I have not, as I use an iPOD, but as long as the USB port is not under powered, it should work.


----------



## spacedout (Dec 7, 2010)

I use either a Cigarette lighter to USB adapter or a 12V power inverter with some USB outputs to change my phone & power my GPS, both when used are hooked into the rear power outlet so my front one is free.


----------



## daktah (Mar 17, 2013)

i use a 2gb sandisk cruzr and it works better than an ipod (touch screen shuffle) imo.
music takes a few minutes to fully index the first time but then loads and switches faster than the ipod, also easier to load music onto it and if someone breaks into my car im only out less than $10 instead of $250.
i have used my phone (htc one) and it recognizes it as a mtp device and reads what my music app data for playlists and such, if i remember correctly.


----------



## airbornedave (Jan 26, 2013)

daktah said:


> i use a 2gb sandisk cruzr and it works better than an ipod (touch screen shuffle) imo.


Same here. I bought a 16 GB cruzer for about 15 bucks on Amazon. It fits perfectly low profile in the USB slot, doesn't get in the way of anything. 

My only complaint is that it doesn't seem to store playlists/folder options, so all of my music is just randomized (and I have a ton of music covering probably every genre). If it does do playlists/folders, I haven't figured out how to set it up.


----------



## Merc6 (Jun 8, 2013)

Playlist for MyTouch can only hold soo many songs before it gives you "Playlist Empty" message.

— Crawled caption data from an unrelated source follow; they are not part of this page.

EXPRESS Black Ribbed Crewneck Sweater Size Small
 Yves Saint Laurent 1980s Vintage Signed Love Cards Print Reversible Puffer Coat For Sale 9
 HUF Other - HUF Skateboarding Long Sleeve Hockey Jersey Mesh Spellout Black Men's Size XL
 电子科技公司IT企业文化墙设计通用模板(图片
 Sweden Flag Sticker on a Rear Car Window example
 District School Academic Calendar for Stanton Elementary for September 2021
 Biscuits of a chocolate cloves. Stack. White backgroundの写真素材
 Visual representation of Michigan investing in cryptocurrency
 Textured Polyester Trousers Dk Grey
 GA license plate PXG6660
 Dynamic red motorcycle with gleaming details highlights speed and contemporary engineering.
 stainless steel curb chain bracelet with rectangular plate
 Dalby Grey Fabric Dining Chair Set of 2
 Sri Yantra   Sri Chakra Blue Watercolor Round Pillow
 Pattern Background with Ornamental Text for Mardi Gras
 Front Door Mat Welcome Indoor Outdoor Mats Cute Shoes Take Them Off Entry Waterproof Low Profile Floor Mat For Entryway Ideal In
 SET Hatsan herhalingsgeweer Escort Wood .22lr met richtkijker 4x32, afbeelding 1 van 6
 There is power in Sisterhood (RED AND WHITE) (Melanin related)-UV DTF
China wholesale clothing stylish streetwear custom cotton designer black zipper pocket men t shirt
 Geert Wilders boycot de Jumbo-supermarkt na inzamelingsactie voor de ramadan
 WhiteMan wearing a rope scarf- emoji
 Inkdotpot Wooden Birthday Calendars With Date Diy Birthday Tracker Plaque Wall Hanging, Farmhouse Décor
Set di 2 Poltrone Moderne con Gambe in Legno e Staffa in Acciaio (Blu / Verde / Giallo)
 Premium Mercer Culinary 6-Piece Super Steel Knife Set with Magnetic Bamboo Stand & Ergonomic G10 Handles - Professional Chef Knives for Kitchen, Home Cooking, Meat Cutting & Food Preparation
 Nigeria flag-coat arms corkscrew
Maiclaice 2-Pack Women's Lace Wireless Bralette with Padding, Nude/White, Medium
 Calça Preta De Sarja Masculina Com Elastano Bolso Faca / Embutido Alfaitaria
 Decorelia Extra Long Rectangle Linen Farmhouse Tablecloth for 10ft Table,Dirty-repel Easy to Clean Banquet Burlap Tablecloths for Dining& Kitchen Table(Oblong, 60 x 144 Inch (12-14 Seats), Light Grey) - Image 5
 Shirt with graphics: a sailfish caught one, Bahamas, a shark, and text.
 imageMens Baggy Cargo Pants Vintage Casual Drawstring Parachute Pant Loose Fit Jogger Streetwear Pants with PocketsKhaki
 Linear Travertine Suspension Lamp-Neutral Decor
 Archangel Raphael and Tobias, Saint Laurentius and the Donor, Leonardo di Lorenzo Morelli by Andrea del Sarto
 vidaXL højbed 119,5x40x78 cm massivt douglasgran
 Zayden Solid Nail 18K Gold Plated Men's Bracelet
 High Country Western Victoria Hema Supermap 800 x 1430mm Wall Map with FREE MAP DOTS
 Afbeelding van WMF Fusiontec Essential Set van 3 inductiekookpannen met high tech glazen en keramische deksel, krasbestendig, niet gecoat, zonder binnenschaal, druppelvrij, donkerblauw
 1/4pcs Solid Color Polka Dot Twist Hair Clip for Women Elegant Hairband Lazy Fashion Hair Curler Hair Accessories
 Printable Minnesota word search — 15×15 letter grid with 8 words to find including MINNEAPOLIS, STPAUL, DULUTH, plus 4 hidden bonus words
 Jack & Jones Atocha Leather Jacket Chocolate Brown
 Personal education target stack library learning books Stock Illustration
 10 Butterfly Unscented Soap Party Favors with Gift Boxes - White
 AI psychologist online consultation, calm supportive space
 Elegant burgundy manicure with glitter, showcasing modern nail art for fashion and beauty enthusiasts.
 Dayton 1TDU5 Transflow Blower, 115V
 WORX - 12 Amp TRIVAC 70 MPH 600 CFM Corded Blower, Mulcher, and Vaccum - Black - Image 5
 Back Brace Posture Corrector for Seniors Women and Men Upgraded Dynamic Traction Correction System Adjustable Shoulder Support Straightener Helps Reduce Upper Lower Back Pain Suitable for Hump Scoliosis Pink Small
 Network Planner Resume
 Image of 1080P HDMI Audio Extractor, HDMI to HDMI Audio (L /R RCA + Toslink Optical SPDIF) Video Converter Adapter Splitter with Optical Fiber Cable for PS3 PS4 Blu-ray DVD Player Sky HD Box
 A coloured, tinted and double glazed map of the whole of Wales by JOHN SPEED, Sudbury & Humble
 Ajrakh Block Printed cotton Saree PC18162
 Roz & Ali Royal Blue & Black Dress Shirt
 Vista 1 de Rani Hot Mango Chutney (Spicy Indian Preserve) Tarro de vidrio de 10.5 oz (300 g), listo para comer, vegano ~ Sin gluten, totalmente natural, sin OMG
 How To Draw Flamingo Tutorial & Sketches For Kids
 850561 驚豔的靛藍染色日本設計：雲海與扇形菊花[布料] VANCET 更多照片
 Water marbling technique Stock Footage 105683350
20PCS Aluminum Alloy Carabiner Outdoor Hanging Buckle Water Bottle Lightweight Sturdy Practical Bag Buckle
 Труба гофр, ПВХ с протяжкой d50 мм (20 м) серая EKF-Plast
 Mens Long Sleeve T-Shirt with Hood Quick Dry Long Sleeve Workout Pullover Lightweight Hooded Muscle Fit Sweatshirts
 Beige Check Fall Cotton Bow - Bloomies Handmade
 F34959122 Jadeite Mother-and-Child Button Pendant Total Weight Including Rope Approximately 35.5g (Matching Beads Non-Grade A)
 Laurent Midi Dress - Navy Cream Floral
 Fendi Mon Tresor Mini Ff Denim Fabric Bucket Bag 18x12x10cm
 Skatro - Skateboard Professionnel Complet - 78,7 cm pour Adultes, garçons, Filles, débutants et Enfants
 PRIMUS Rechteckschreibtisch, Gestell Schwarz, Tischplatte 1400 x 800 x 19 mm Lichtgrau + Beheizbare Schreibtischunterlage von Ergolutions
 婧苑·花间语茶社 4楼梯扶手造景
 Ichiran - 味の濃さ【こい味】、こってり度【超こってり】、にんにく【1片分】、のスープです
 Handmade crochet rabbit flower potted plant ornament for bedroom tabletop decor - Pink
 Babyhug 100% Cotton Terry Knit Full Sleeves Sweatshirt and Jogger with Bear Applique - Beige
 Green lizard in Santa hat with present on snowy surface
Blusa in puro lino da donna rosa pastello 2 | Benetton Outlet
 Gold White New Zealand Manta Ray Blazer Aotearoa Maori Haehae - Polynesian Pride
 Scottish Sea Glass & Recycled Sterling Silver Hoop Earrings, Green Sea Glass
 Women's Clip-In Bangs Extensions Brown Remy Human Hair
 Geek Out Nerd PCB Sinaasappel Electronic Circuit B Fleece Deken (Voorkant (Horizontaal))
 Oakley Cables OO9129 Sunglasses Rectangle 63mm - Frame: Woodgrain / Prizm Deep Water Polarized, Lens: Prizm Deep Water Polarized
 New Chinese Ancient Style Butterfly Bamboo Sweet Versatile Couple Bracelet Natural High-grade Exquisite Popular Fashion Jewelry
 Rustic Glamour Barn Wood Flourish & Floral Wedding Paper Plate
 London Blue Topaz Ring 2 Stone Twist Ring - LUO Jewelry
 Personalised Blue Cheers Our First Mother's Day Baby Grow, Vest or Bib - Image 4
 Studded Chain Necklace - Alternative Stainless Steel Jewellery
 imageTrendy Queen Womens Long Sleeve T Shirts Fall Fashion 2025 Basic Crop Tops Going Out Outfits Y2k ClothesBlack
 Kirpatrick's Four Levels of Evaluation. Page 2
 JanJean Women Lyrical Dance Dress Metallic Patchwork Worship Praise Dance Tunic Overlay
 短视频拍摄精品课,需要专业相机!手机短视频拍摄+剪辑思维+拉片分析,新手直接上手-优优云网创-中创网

If you are like me with 30 song playlists, you have to open music _from the phone*_ and pick any song from that playlist _from the phone*_ for it to work from there on out in MyTouch. When the screen says indexing, it's also trying to load your phone book as well if you have bluetooth turned on. Kill some apps in the background to slow the time down. I found bluetooth music faster than USB route but you lose thumps up/down and other features of Pandora. Gracenote sucks and in most cases on voice command never get the song right. It will say the song back to me and play something completely difrent. 

/Rant


*In a hands free state or city, you may get a fine and points to your license.


----------



## airbornedave (Jan 26, 2013)

I don't have any of the fancy stereo stuff (I wish I did), I've only got the barebones head unit with the single color digital display.


----------



## 2013LT (Jul 3, 2013)

Ill have to get a cruzr but yes a usb hub should work. I mainly listen to the radio though and im not talking about xm.


----------



## Merc6 (Jun 8, 2013)

2013LT said:


> Ill have to get a cruzr but yes a usb hub should work. I mainly listen to the radio though and im not talking about xm.


 *In my hipster voice* Regular radio is too mainstream... It's soo mainstream the songs are the exact same 3 in repeat. At least XM plays the same 12 in a loop before they go into 2 hours of non stop barbershop talk forcing me to USB/Bluetooth media. I have a hub somewhere at home I may try it out to see what it does. For S&G's I might find a CD to play just to see if the CD player even works.


----------